March 6th, 2012 No comments

Antebellum @ CPT

Went and saw Antebellum last night at CPT. I was interested in the play largely because I’m working on one right now that has two similar stories taking place in different time periods and I was interested in this element of the play.  To this end I have read and seen Thomas Gibbon’s House with No Walls, and plan on reading Time of My Life by Alan Ayckbourn and Leah’s Train by Karen Hartman.  If anyone else knows of plays with multiple time periods represented, let me know.

I think O’Hara handled Antebellum, structurally, well enough. Having just finished reading A House with No Walls, which I saw at Karamu several years ago, I don’t think O’Hara did as well as Gibbons in terms of stage pictures, pacing, and scene/inter-scene movement.  There was one very nice moment at the end of the play when Edna/Gabriel is leaving the concentration camp and there is an immediate transition to the next time period (three or so years later) when Edna/Gabriel is leaving the plantation.  It was a great transition.  Another was when Edna and Gabriel are looking at each other in the “mirror” or in the future/past; although, again, it was not as powerful a moment as that of Oney Judge and Cadence Lane in HWNW.

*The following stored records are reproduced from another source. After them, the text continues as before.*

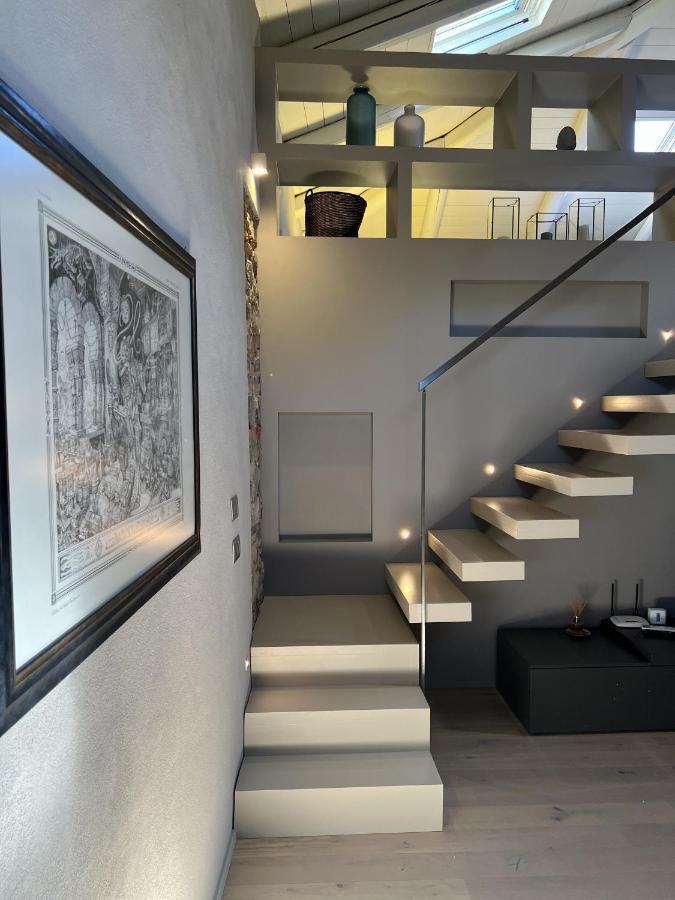 Luxury Langhe Loft Apartment La Morra Bagian luar foto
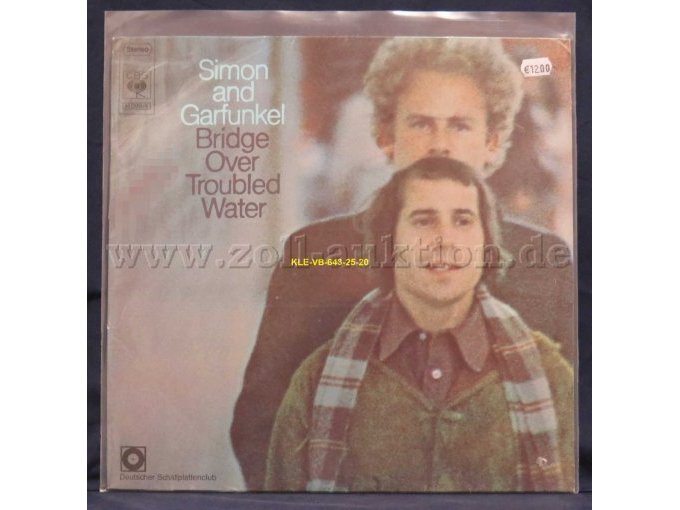 Simon and Garfunkel „Bridge Over Troubled Water“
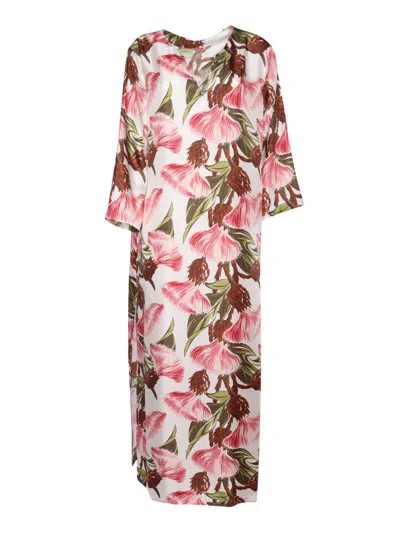 P.a.r.o.s.h . Long Dress In White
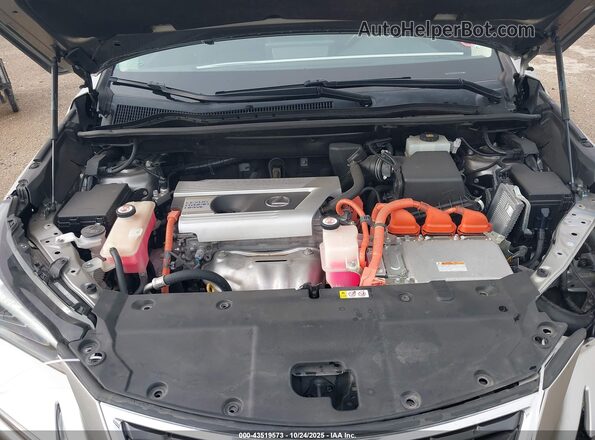 JTJBJRBZ9K2115299 2019 LEXUS NX 300H Silver Вид ззаду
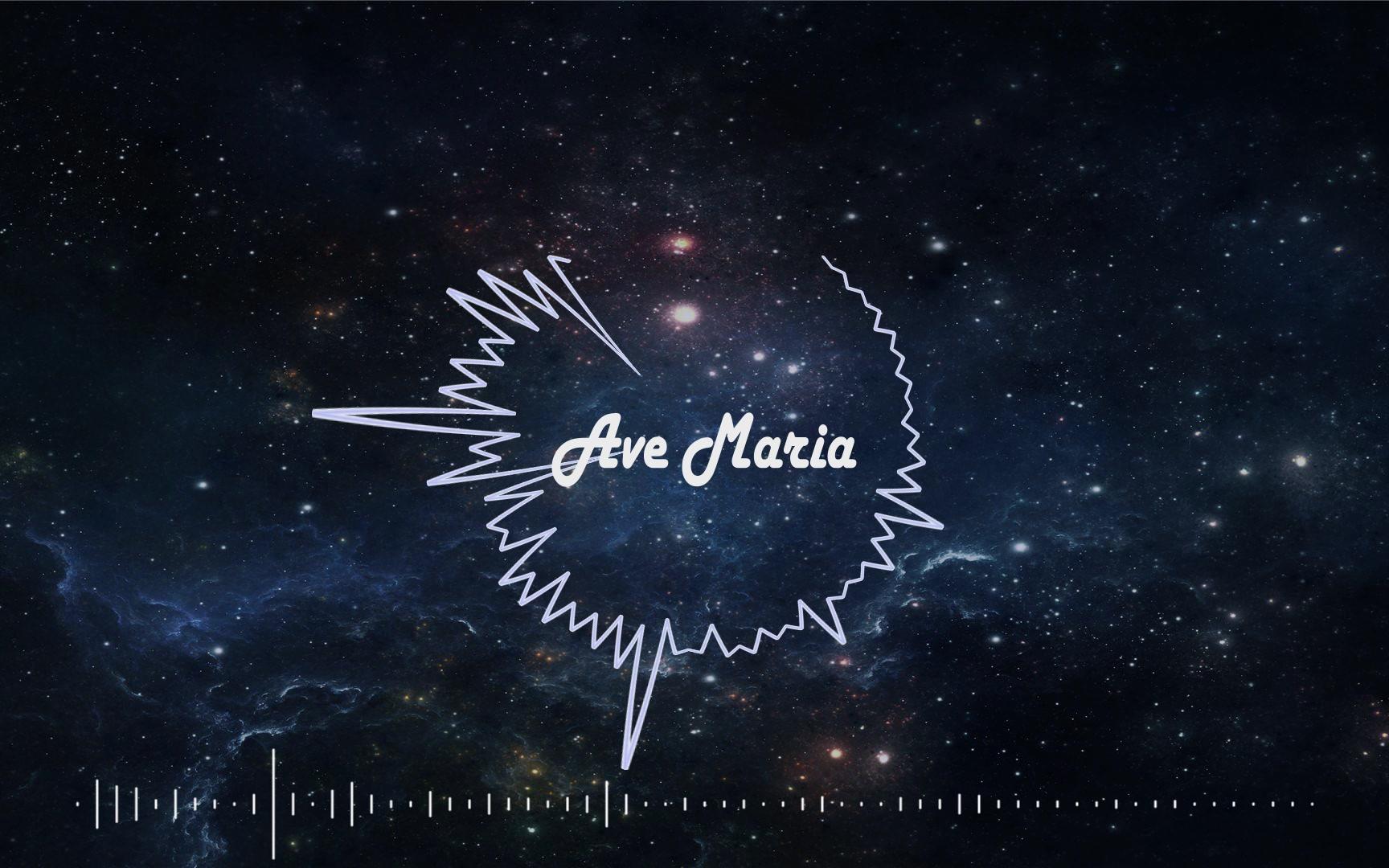 kokiaavemaria圣母颂熊企龙3d环绕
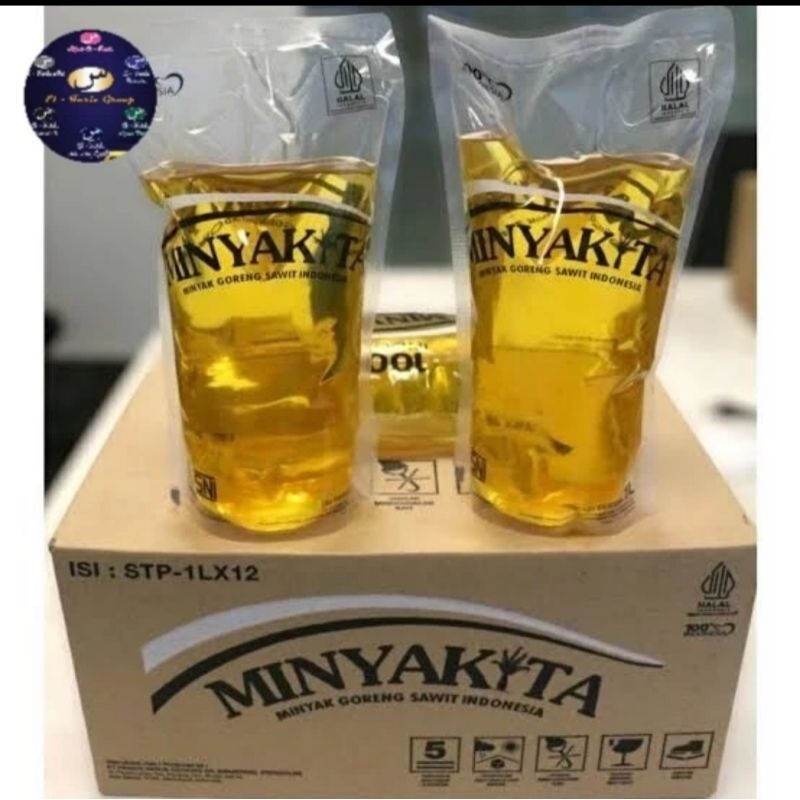 

Minyakta Minyak Goreng Sawit Indonesia Isi: STP-1LX12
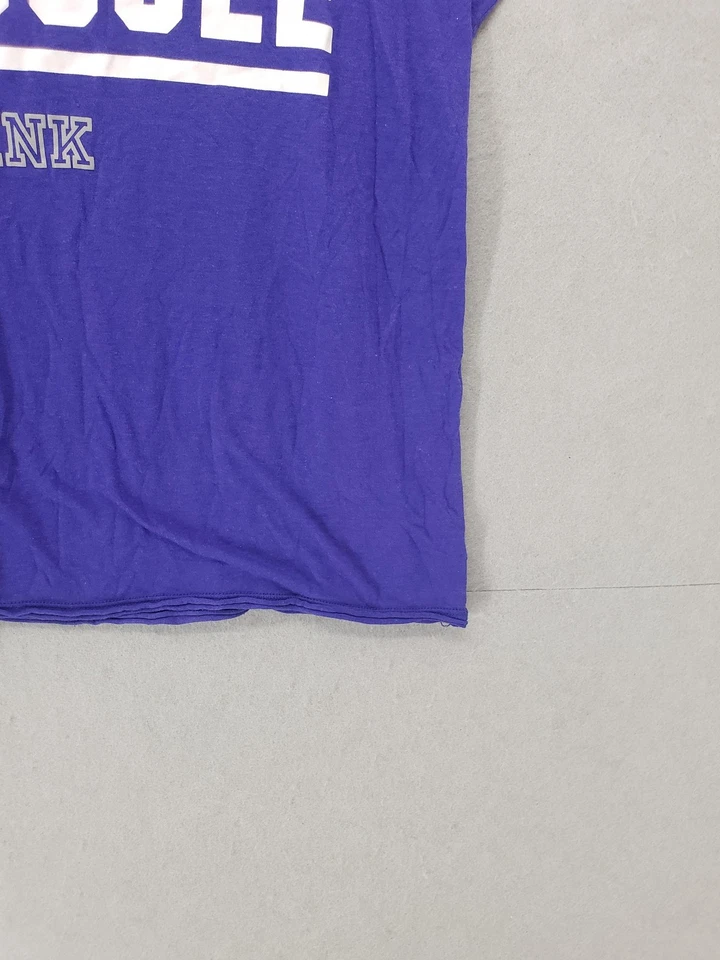 Camiseta sin mangas Victoria's Secret ROSA para mujer mediana púrpura gimnasio entrenamiento espalda corredora Foto 4 de 4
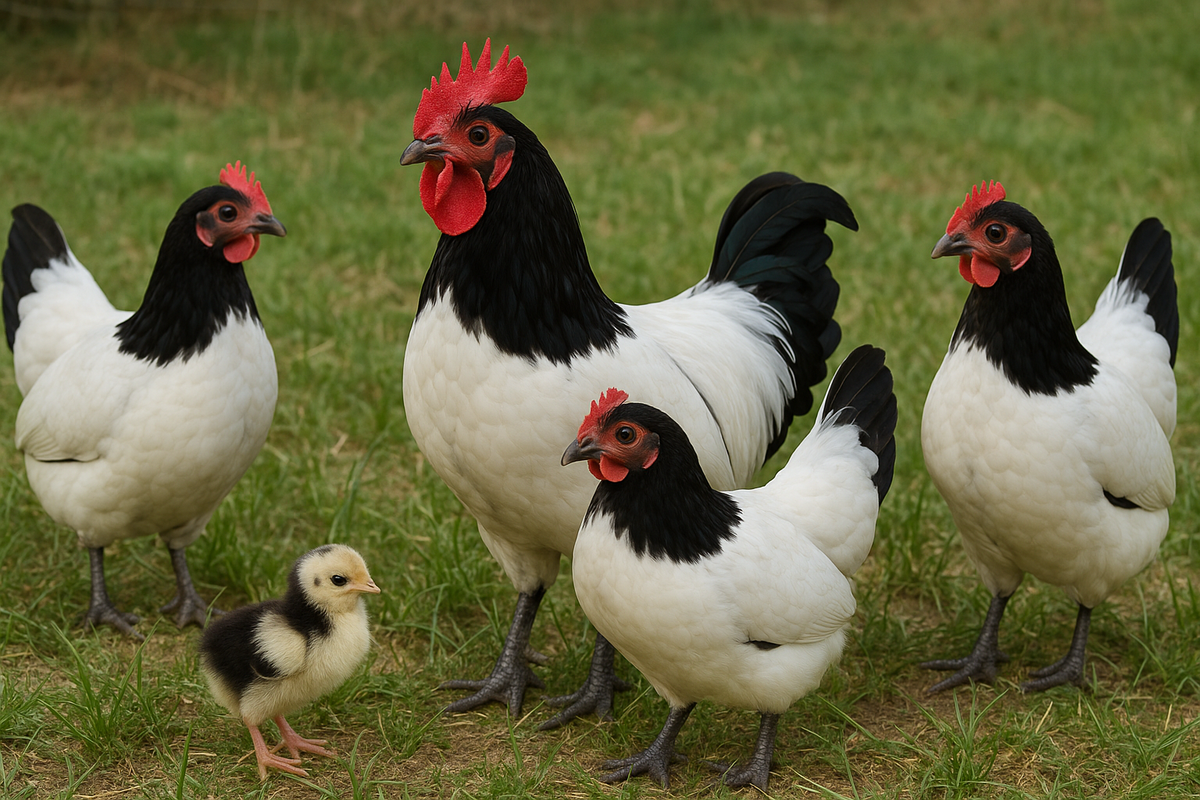 Lakenvelder Small Flock - AI-generated placeholder image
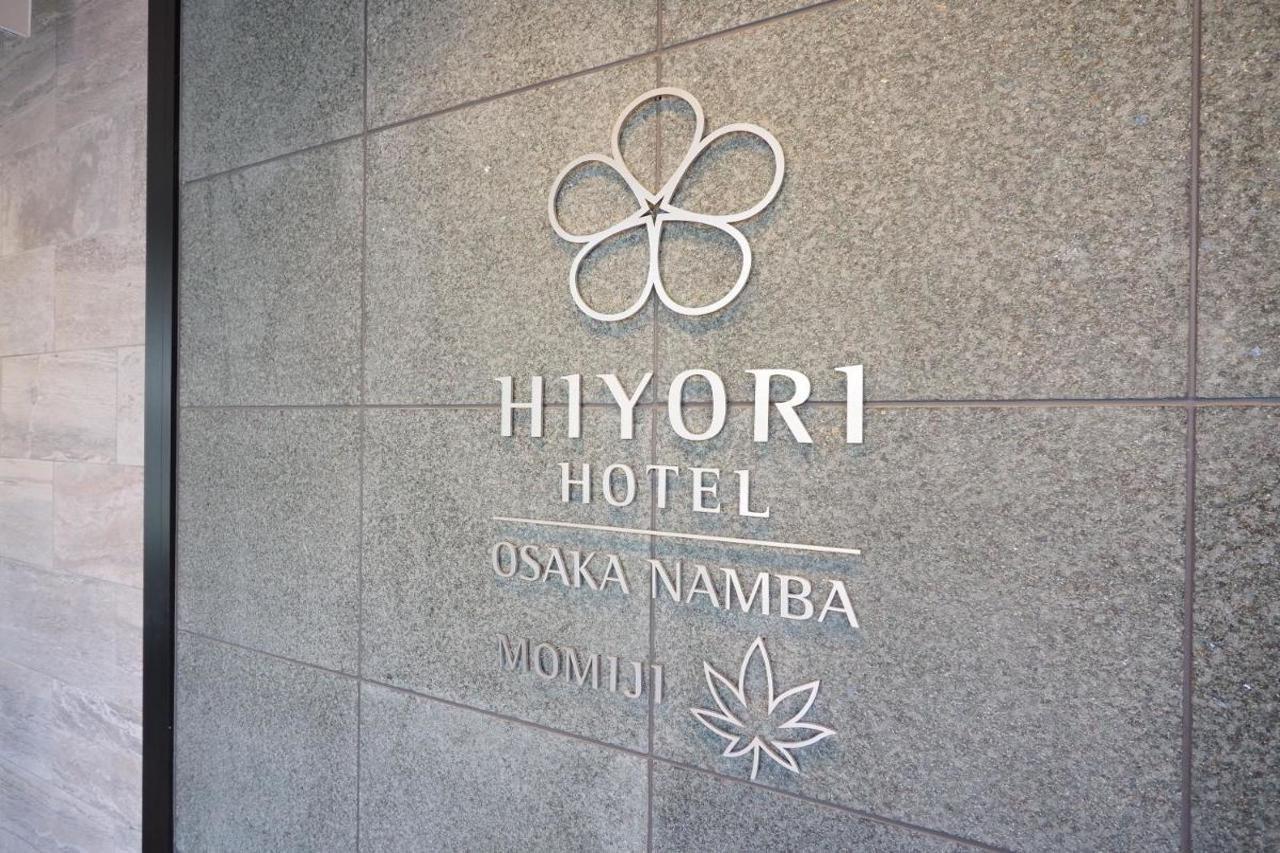 Hiyori Hotel Osaka Namba Station Exterior foto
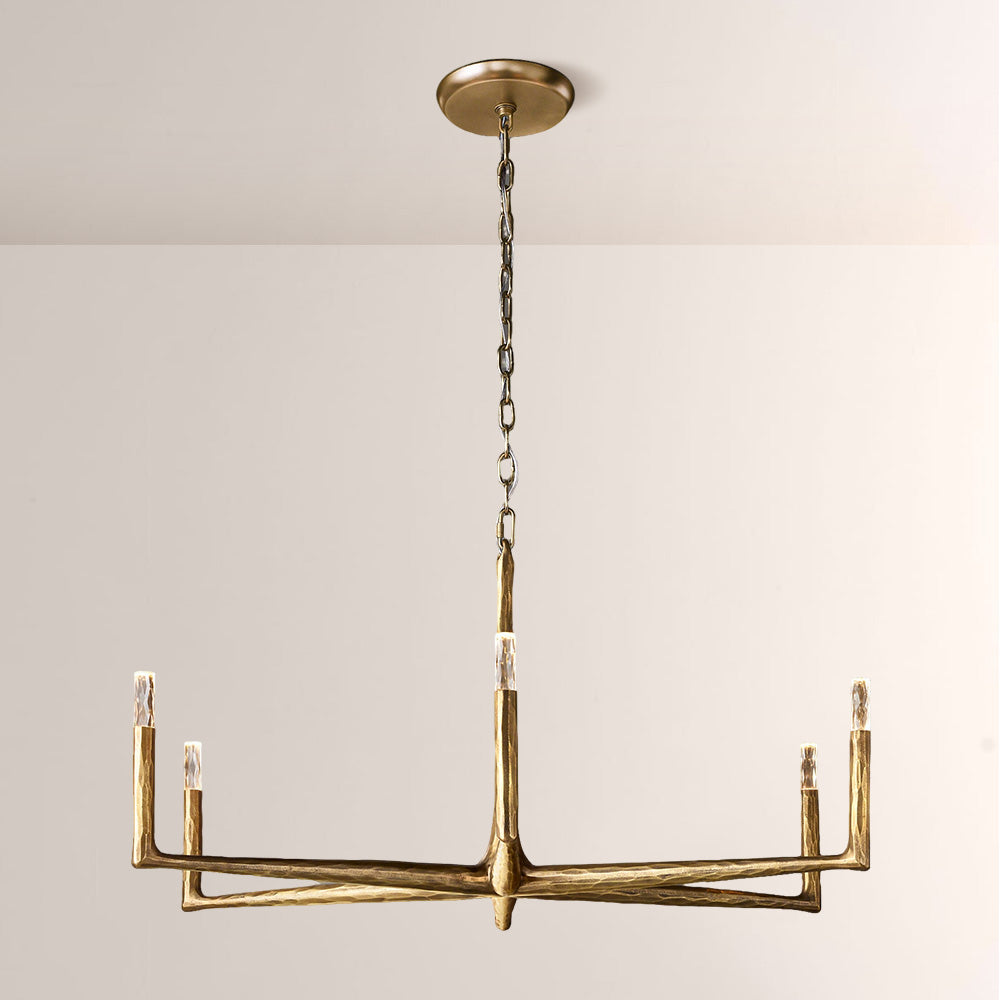 Avaris Round Chandelier 48”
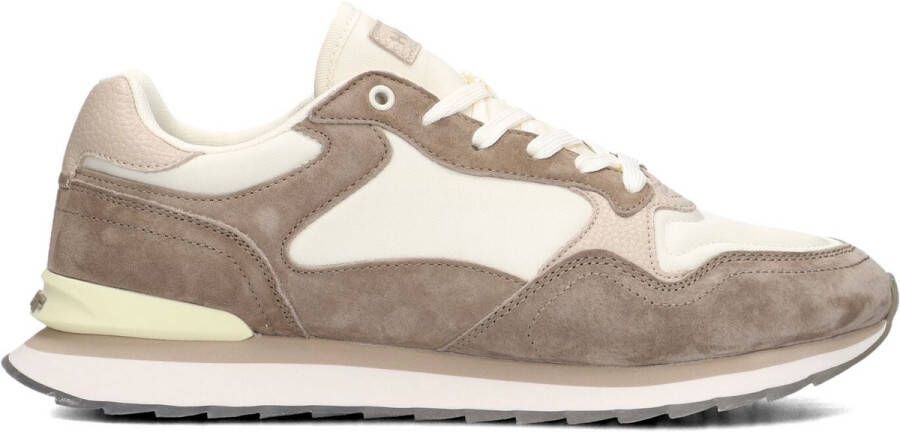 THE HOFF BRAND Lage Sneakers Heren Thessaloniki Maat: 45 Materiaal: Suède Kleur: Bruin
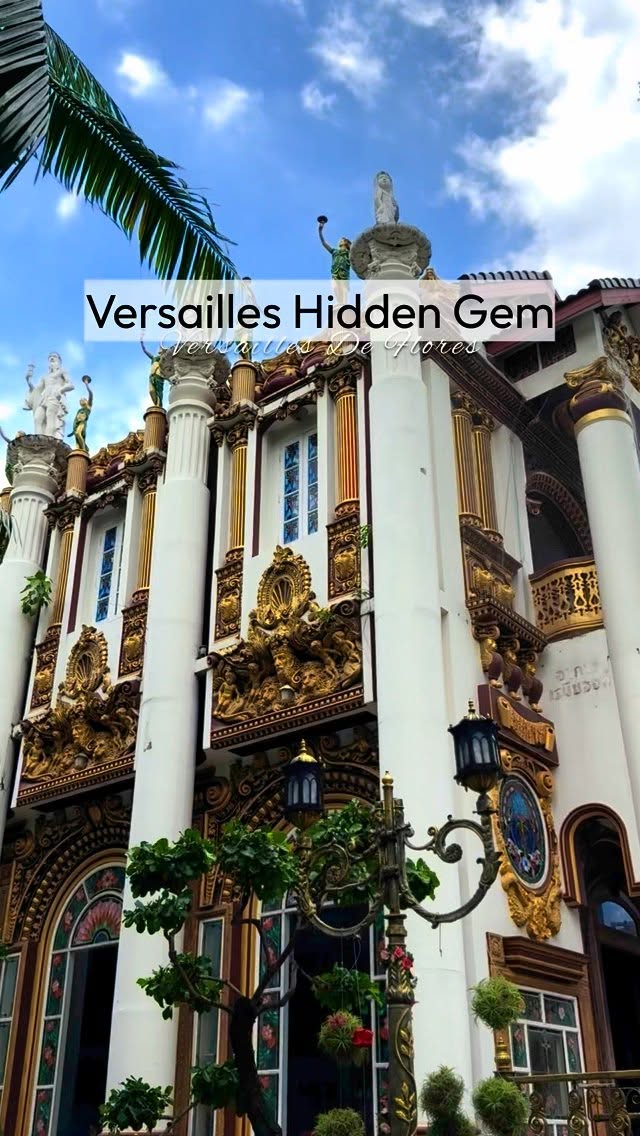 Chiang Mai Café Offers Versailles-Inspired Parisian Escape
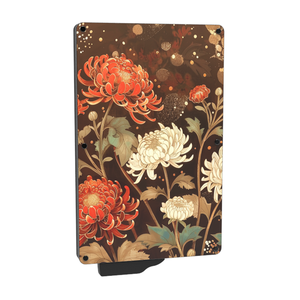 Tarjetero Metálico Personalizado, Plegable, de Aleación de Aluminio, Técnica de Troquelado, Bloqueo RFID, Tarjetero de Moda, Tarjetero de Crédito 6 - Product Image 1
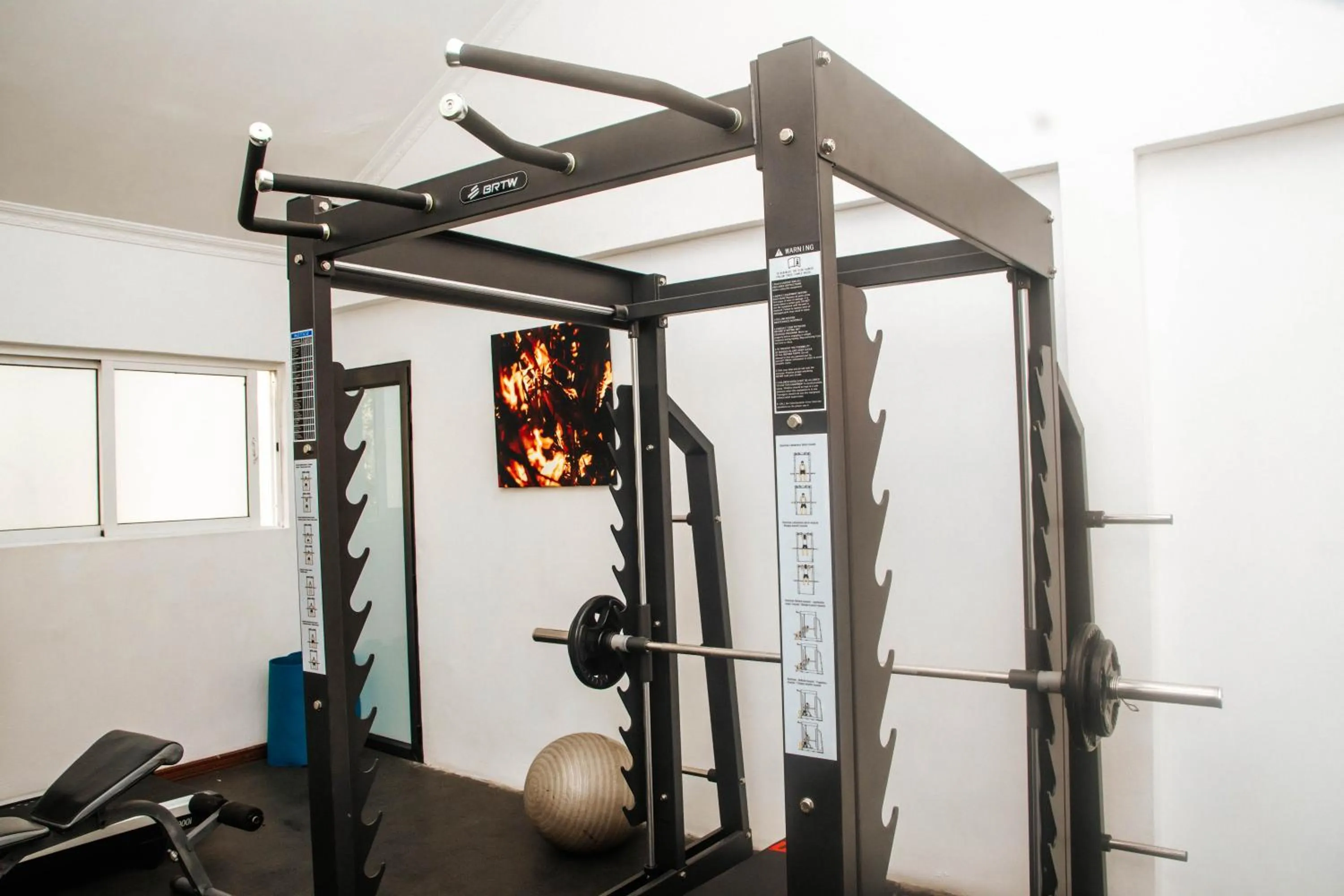 Fitness centre/facilities in Hibiscus Boutique Hotel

I was never really clear on the genre of the play—not that it matters so much, but when a play keeps skipping genres you expect a certain type of play—Eric Overmyer or Len Jenkins come to mind—but this one jumped unintentionally, I think.  If not, it was unclear how the genres were being used. I was strongly certain that it was a drama, at the outset, that was going to address serious issues in a dramatic form.  As time passed, I felt that I was getting clobbered over the head by something that was not remotely as engaging as Brecht—but I was definitely kept from empathizing. As it wore further on, it felt like a melodrama (too often)—and by the end, when the THIRD gun was shot I was expecting a maiden hogtied at a railroad crossing with Baron von Schleicher and his evil black moustache to pop out with a wicked laugh.  There were musical elements, and elements that surely would have done better as pure black comedy—the Scarlet O’Hara wanna-be (Sarah Roca—played very well, as always, by Laurel Hoffman) coming on with a shotgun at the end, for instance.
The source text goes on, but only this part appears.